1. The problem statement, all variables and given/known data

A 100 N force directed 37° below the horizontal is applied to a 30 kg object on a horizontal surface. If the magnitude of the acceleration of the object is 1.3 m/s2, what is the coefficient of kinetic friction (μk) between the object and the surface?

2. Relevant equations

F = ma

3. The attempt at a solution

I drew the body diagram and tried calculating the net force in the x direction.
This is what I got:

F = Fpx (the 100 N force) - Ffr
Fpx is 100cos37 and Ffr is μmg, so
ma = 79.86 - 294μ

I plugged in 1.3 for a and got 0.24 for the answer.
Not sure where I went wrong, any help would be appreciated. Thanks!

2. Apr 19, 2014

Simon Bridge

... this is not correct.
Did you remember to sum the forces in the y direction?

3. Apr 19, 2014

chococho

It said friction force equals u*normal force.. isn't normal force mg?

4. Apr 19, 2014

Simon Bridge

No.

You have a free body diagram - add up the forces in the y direction.

5. Apr 19, 2014

chococho

ok.
In the diagram I drew I just have the 100N force, normal force, friction force and mg. Is that correct?
So the forces in the y direction would be just "100sin37 + Fn - mg" ?
But can I still set it equal to m*a with a being 1.3?

6. Apr 19, 2014

Simon Bridge

What direction does the magnitude 100sin37 force act in?
What do these forces add up to? (hint: does the object move in the y direction?)
Solve for Fn.

7. Apr 20, 2014

chococho

So it's 100sin37 - Fn - mg = 0 ?
When I solve for Fn I get 233.81. I solved for the forces in the x direction (ma = 100cos37 - Ffr) and I got Ffr to be 40.86.
So do I just divide that by Fn to get the coefficient?
It's still wrong, I'm confused

8. Apr 20, 2014

haruspex

No, that's still wrong. The normal force has to balance the sum of the other vertical forces.

9. Apr 20, 2014

chococho

OHHHH I got one of the signs wrong... Just making sure, so it's Fn = 100sin37 + mg?
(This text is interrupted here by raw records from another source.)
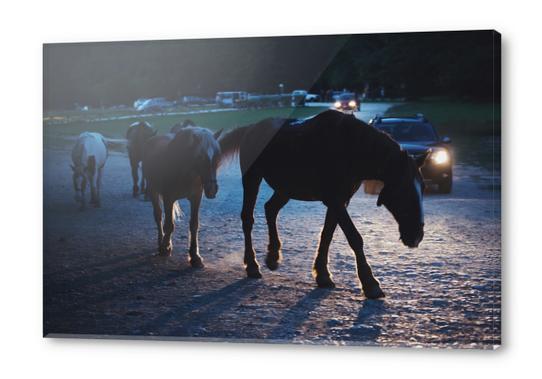 Light behind horses Acrylic prints by Salvatore Russolillo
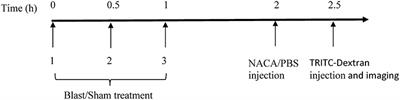 N-acetylcysteine Amide Ameliorates Blast-Induced Changes in Blood-Brain Barrier Integrity in Rats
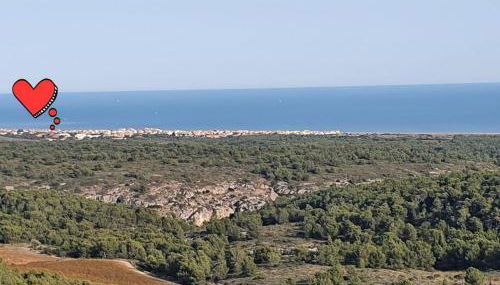 T2 cosy à la plage, terrasse vue sur mer et parking privatif - Photo 5
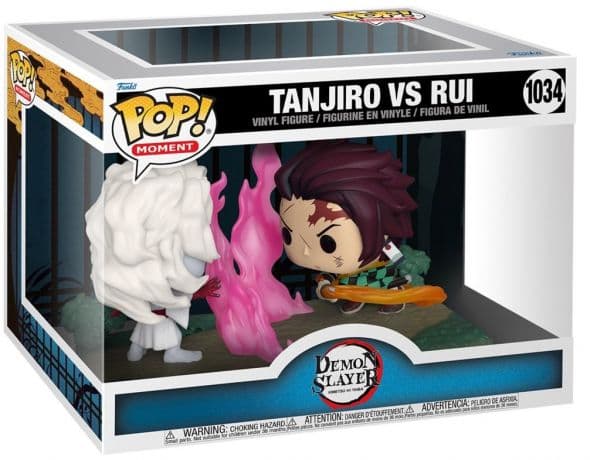 Tanjiro vs. Rui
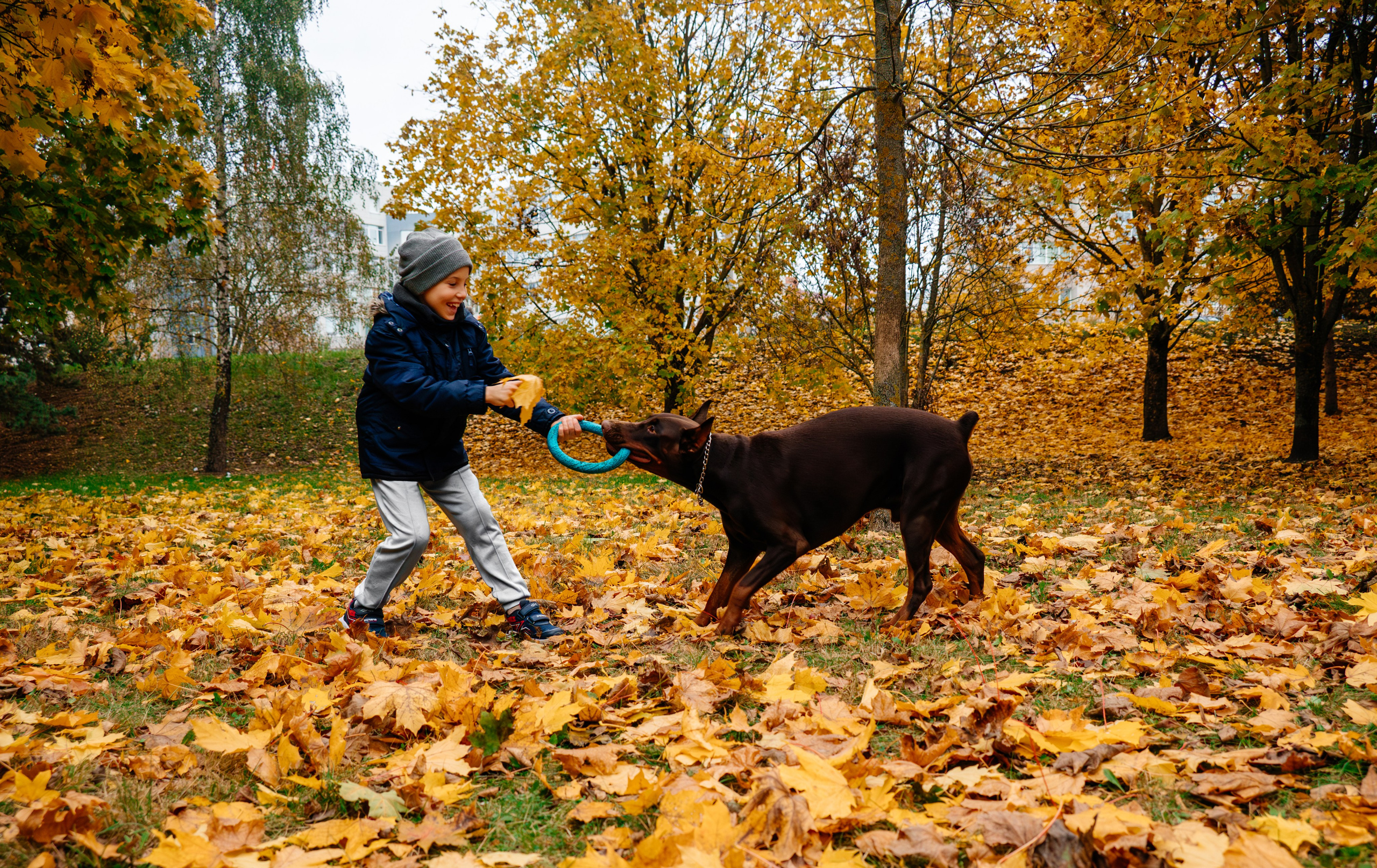 Семья Стенцель. Юлия Чайко, фотограф в Минске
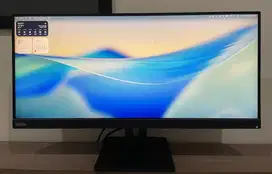 Monitor Ultrawide 29 Inch Lenovo ThinkVision E29w-20 IPS 90Hz
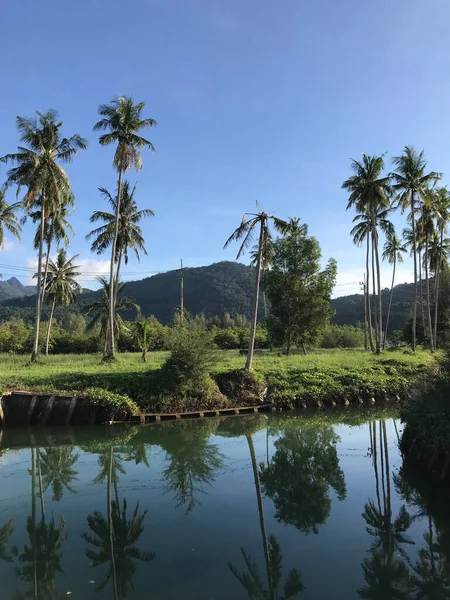 Palmen Auf Der Insel Koh Chang Thailand — Stockfoto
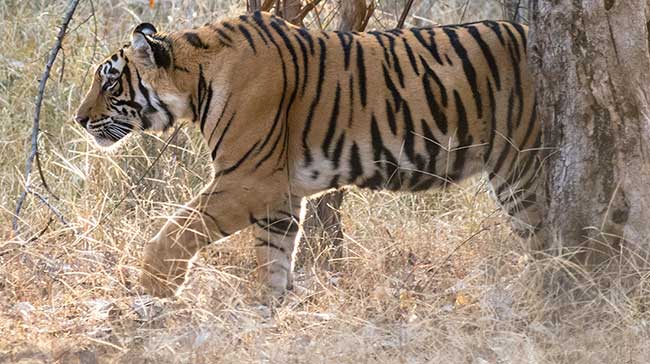 Bengal tiger at edge of forest.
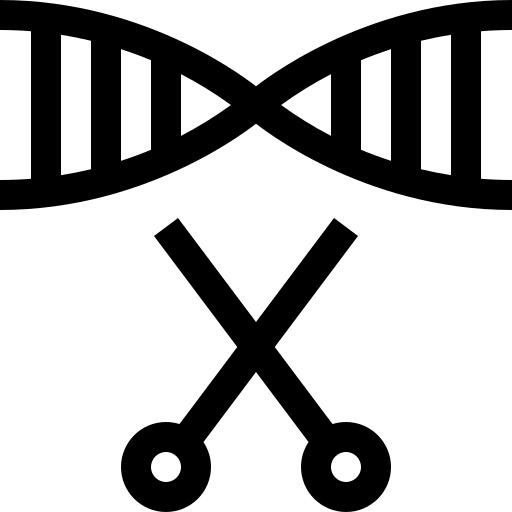 脱氧核糖核酸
Because then I get 0.115 which should be right

10. Apr 20, 2014

Simon Bridge

Well done.

Use your free body diagram to get the signs right.
You should draw the diagonal forces as diagonal arrows - then divide into components on the diagram.
Thus the 100N force would be diagonally downwards and you cannot get the component directions wrong.

Note: The forces all add head-to-tail to make a resultant force pointing horizontally.
If you fiddle with the order of the addition, you should get an easy triangle.